Source data —
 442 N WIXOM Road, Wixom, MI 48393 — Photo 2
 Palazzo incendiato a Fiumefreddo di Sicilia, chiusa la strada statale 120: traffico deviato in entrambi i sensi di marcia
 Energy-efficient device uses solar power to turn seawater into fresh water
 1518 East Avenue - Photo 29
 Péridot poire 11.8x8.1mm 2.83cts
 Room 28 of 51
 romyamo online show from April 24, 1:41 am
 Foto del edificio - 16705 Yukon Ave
==
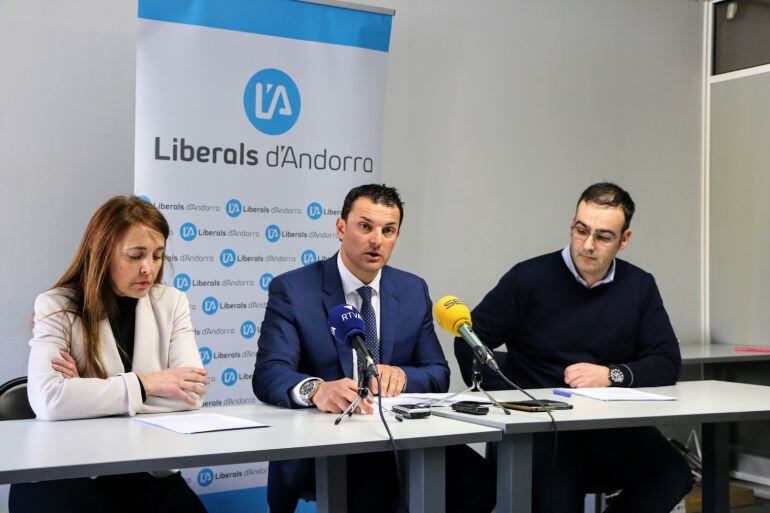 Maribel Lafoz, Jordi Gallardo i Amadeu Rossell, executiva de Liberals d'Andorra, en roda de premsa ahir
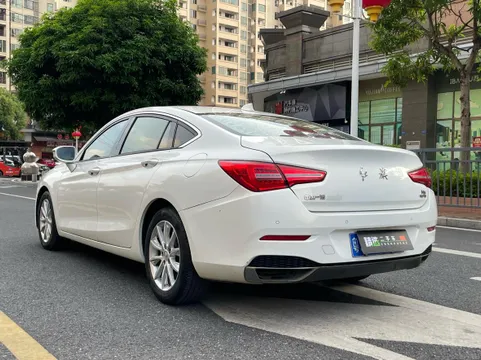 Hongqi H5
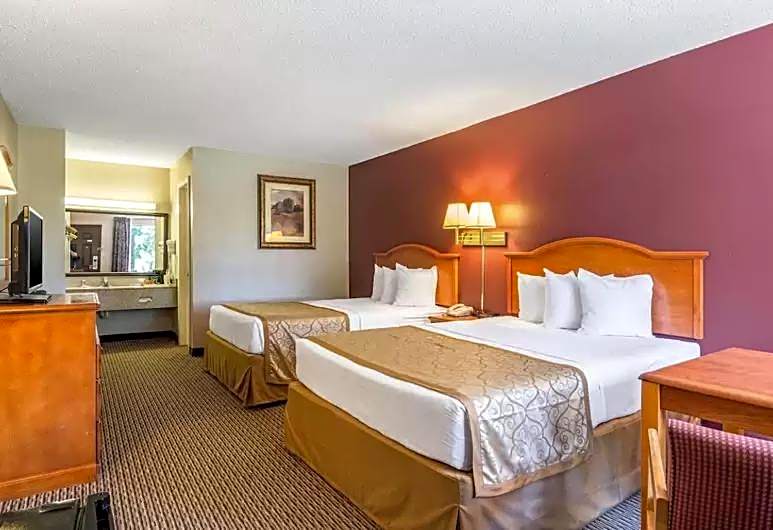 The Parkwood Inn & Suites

Description of the task — From the records above, transcribe exactly the run of lines that opens with the line holding "Péridot poire 11.8x8.1mm 2.83cts" and closes with the line holding "Foto del edificio - 16705 Yukon Ave", both included.

Answer box —
 Péridot poire 11.8x8.1mm 2.83cts
 Room 28 of 51
 romyamo online show from April 24, 1:41 am
 Foto del edificio - 16705 Yukon Ave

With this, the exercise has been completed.